USCDataScience / sparkler

Spark-Crawler: Apache Nutch-like crawler that runs on Apache Spark.
http://irds.usc.edu/sparkler/
Apache License 2.0
410 stars 143 forks source link

Add fetcher-default as a plugin #181

Open balashashanka opened 4 years ago

balashashanka commented 4 years ago

Currently the fetcher default is in package edu.usc.irds.sparkler.util, this issue is to move this as a plugin.

balashashanka commented 4 years ago

Started working on this will be creating a pull request soon.

thammegowda commented 4 years ago

Thanks. we kept the default implementation in the sparkler-app itself for a few simplifications.

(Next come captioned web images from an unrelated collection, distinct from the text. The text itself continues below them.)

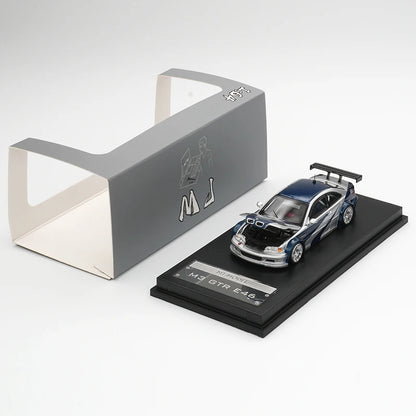 BMW M3 GT-R E46 AR MJ Model 1:64 Diecast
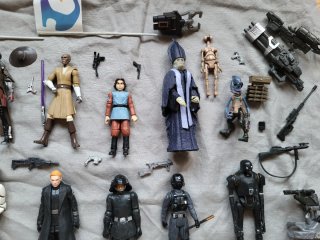 Lote 40 Figuras Star Wars Hasbro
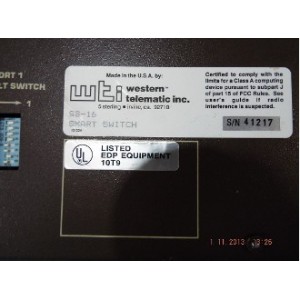 WTI SMART WITCH SS-16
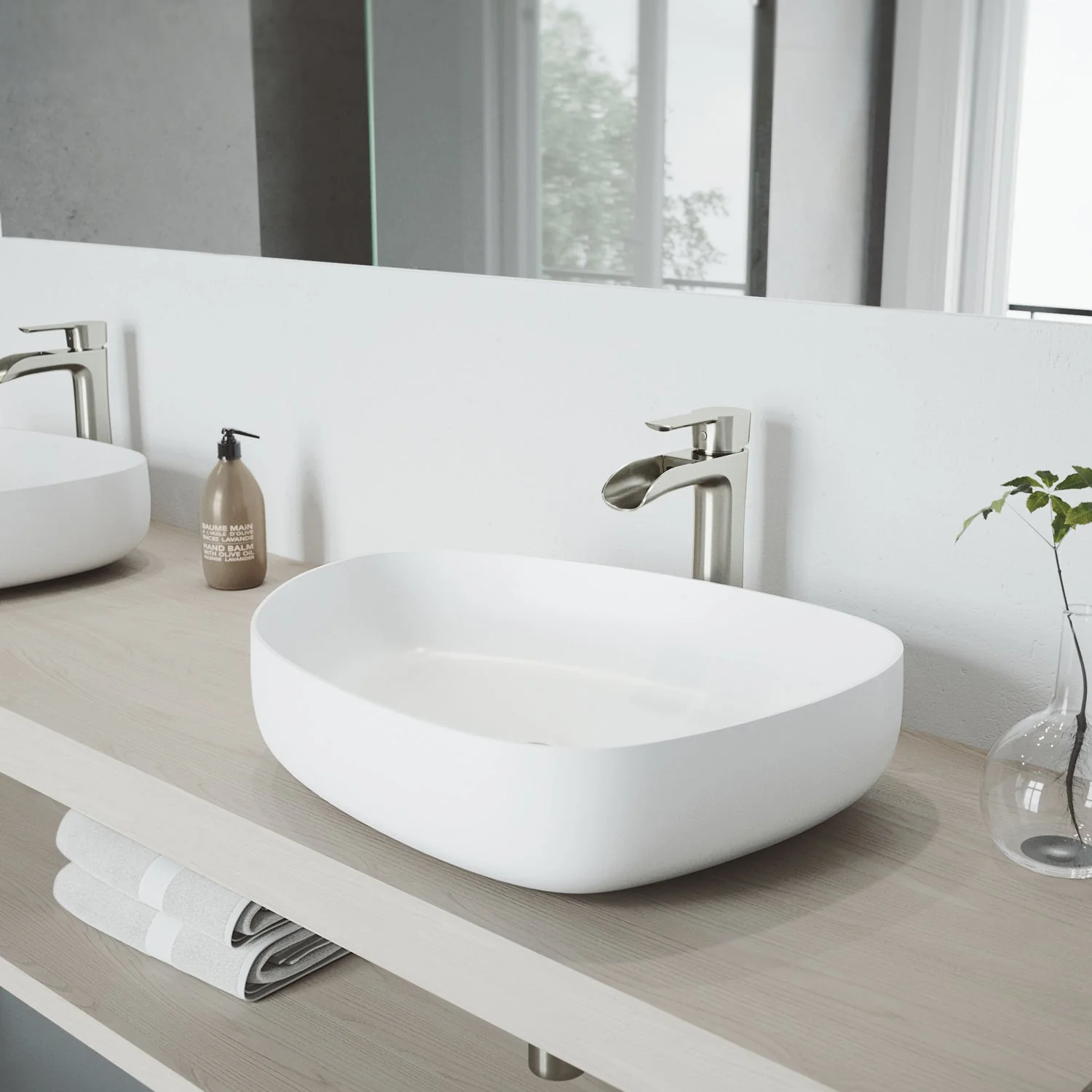 Apollo Peony Matte Stone™ Vessel Bathroom Sink - Image 6
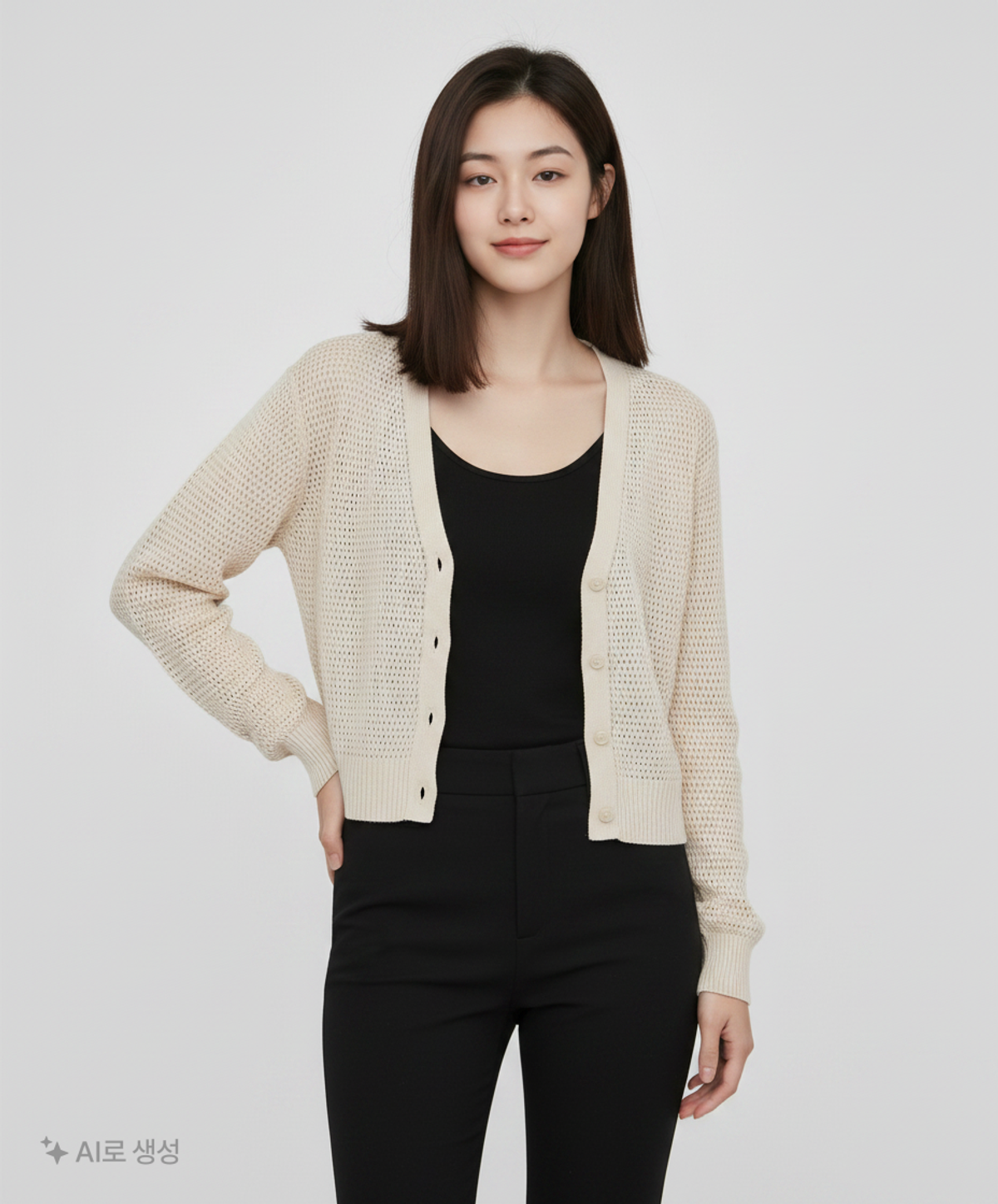 유니클로(UNIQLO) 카디건 M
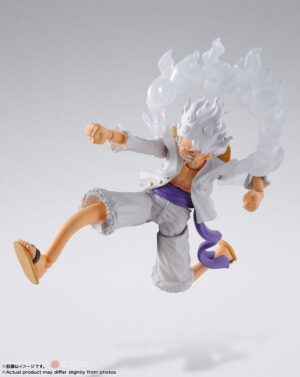 Figura S.H.Figuarts Monkey D. Luffy -Gear 5- ONE PIECE BANDAI SPIRITS Tienda Figuras Anime Chile
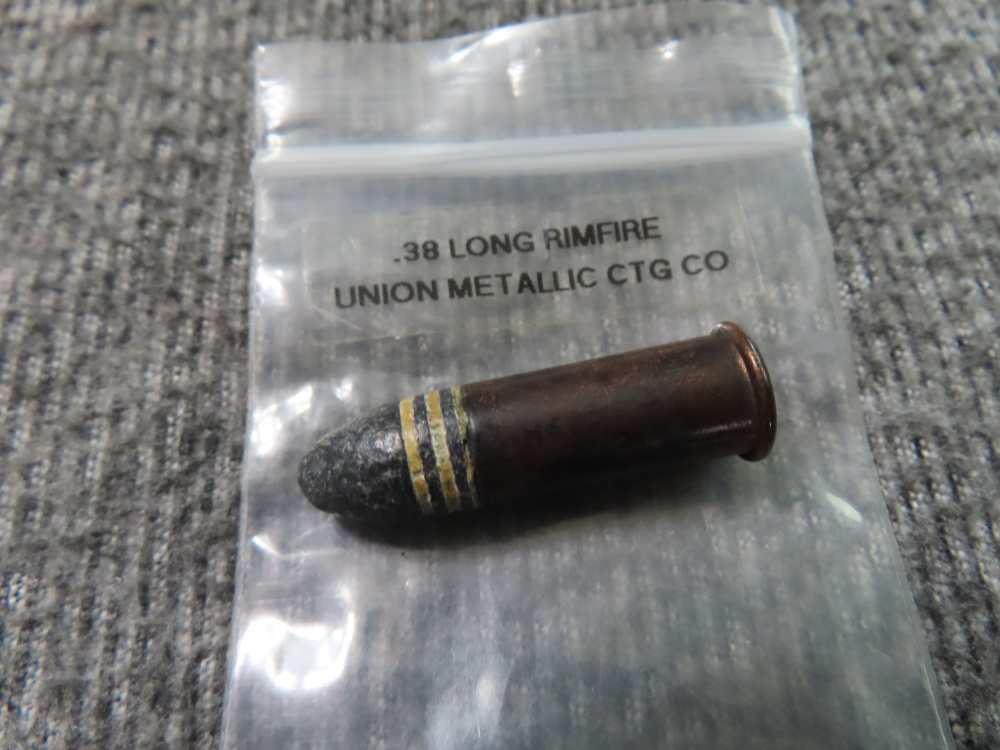 34 RDS OF ANTIQUE LARGE CALIBER COLLECTORS CARTRIDGES-NICE VARIETY-SCARCE -img-9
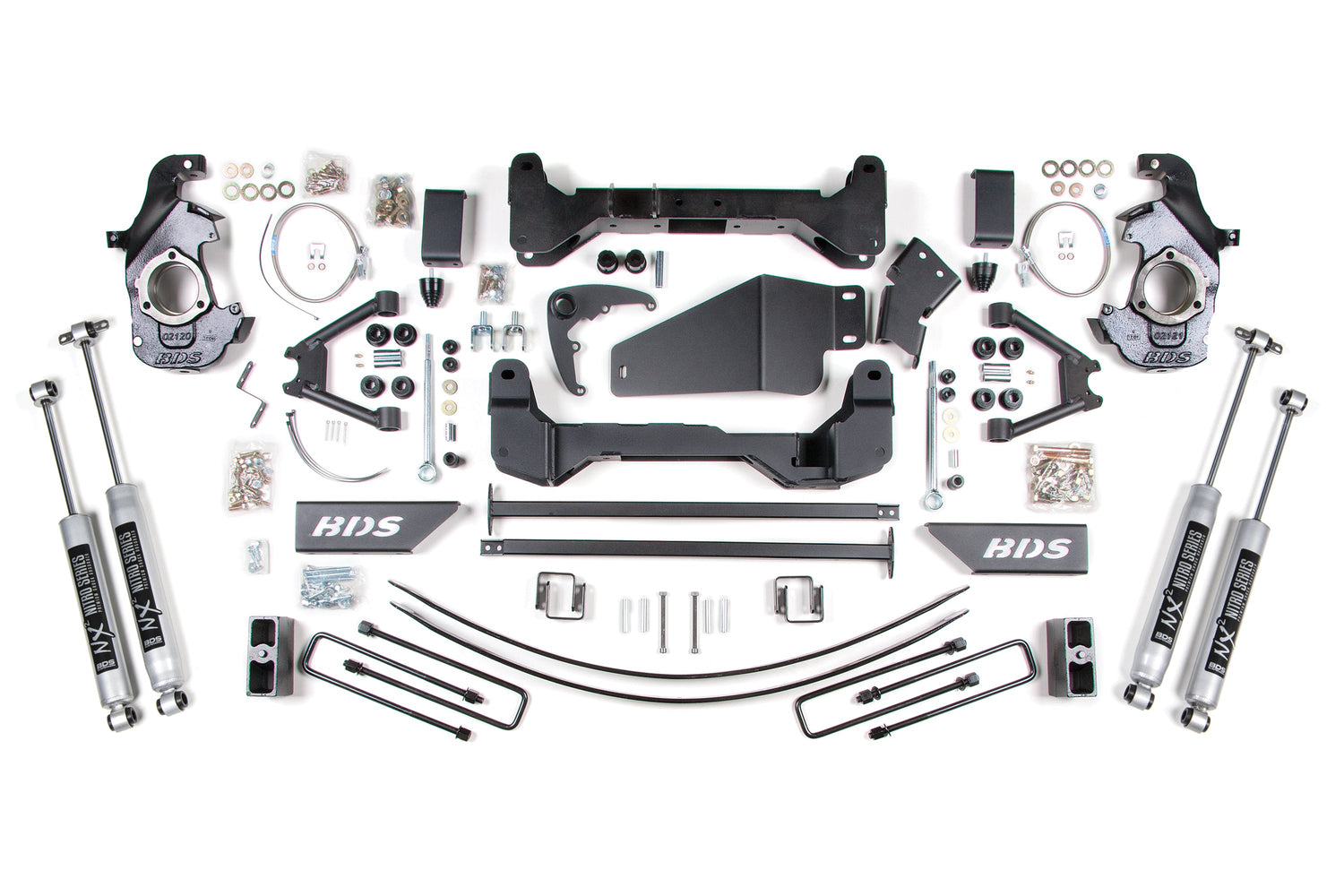 6-Inch Lift Kit for 1992-1998 Chevy/GMC Suburban + Tahoe + Yukon 1500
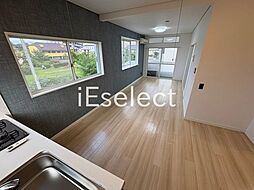 JR外房線 茂原駅 徒歩9分の賃貸アパート 2階1LDKのリビング/ダイニング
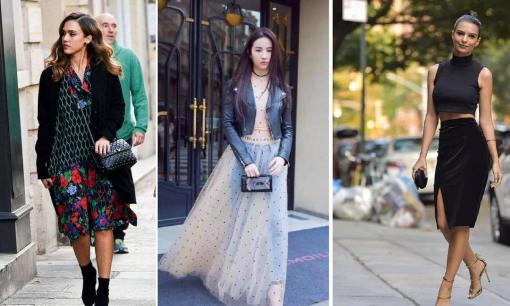 Một người phụ nữ biết cách ăn mặc sẽ không bao giờ diện 4 'kiểu' váy này, và cô ấy thật sự xinh đẹp khi phối được chúng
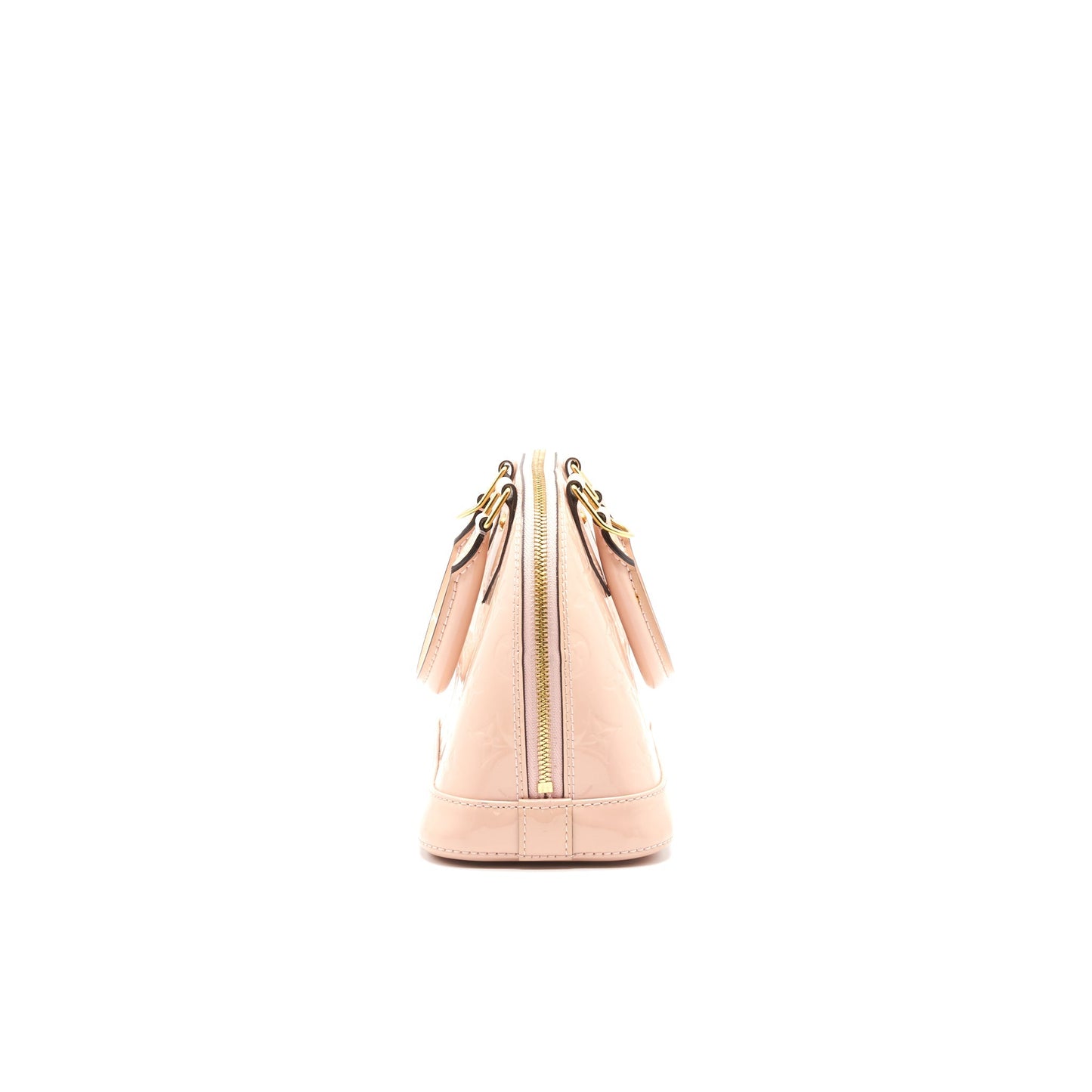 Louis Vuitton Alma BB Patent Leather Lightpink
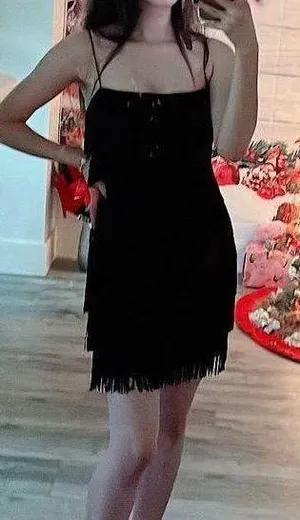 Likely Women's Fringed Shift Dress thumbnail 2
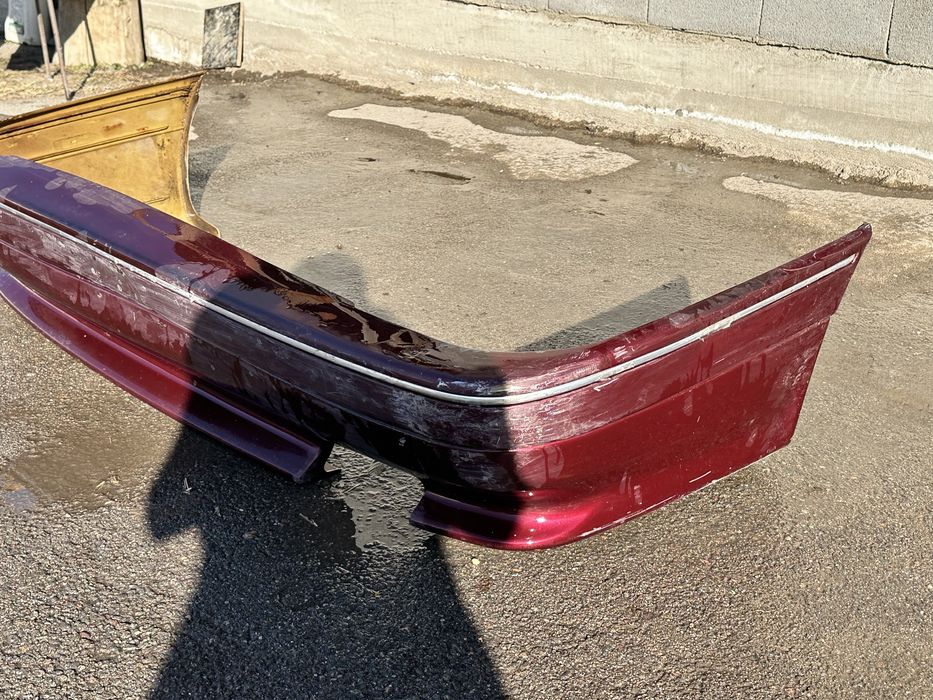 Бампер задный галант 6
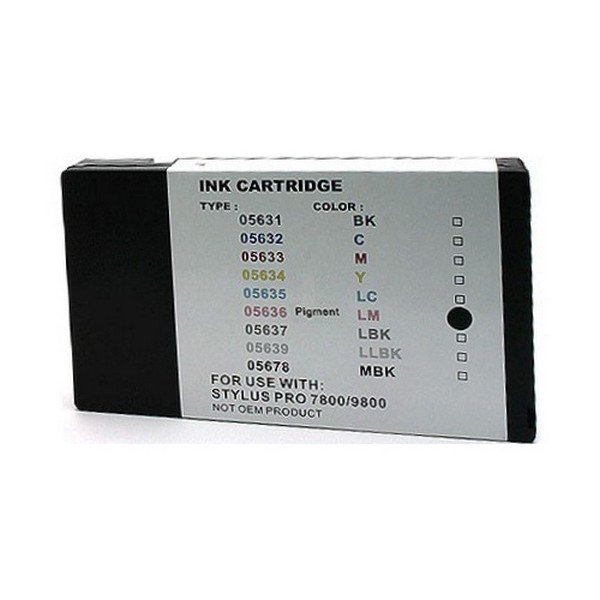 Show details for Compatible T563600 Light Magenta Pigment Inkjet Cartridge Picture of Compatible T563600 Light Magenta Pigment Inkjet Cartridge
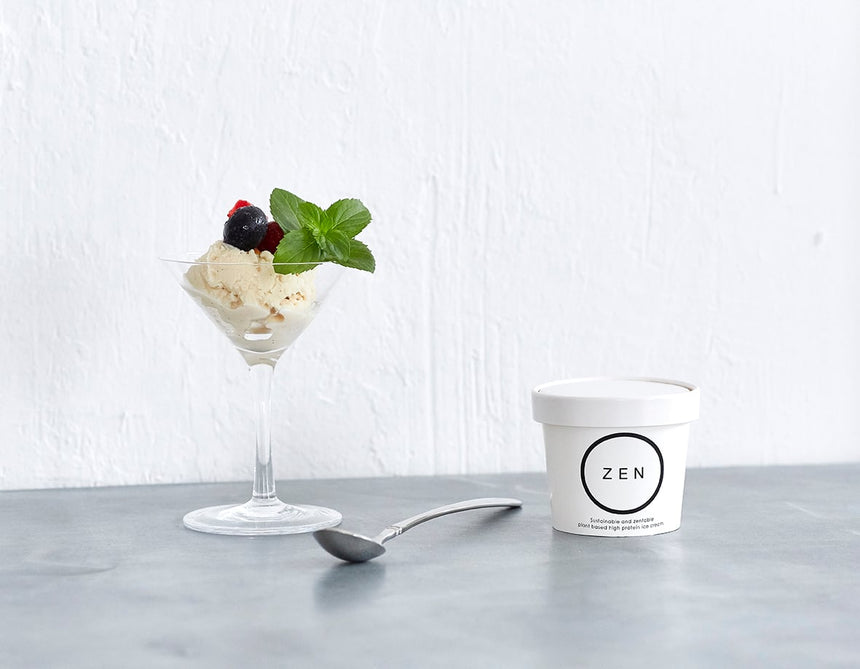 SOY MILK×MATCHAxKUROGOMA 各2セット|ZEN icecream|プラントベース アイスクリーム ヴィーガン ダイエット おすすめ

FYI, there are three fetcher plugins already if you want to test plugin loading (without having to develop a new one)https://github.com/USCDataScience/sparkler/tree/master/sparkler-plugins

That being said, all improvements are welcomed. just trying to make it easy for you.

balashashanka commented 4 years ago

Hi I saw this is as one of the the TODO's in the code so thought it would be a good start. But i could work on other things if this plugin is not in priority.

thammegowda commented 4 years ago

You were facing an issue regarding deployment of plugins on sparkler cluster, right?
I suggest resolving that as a start.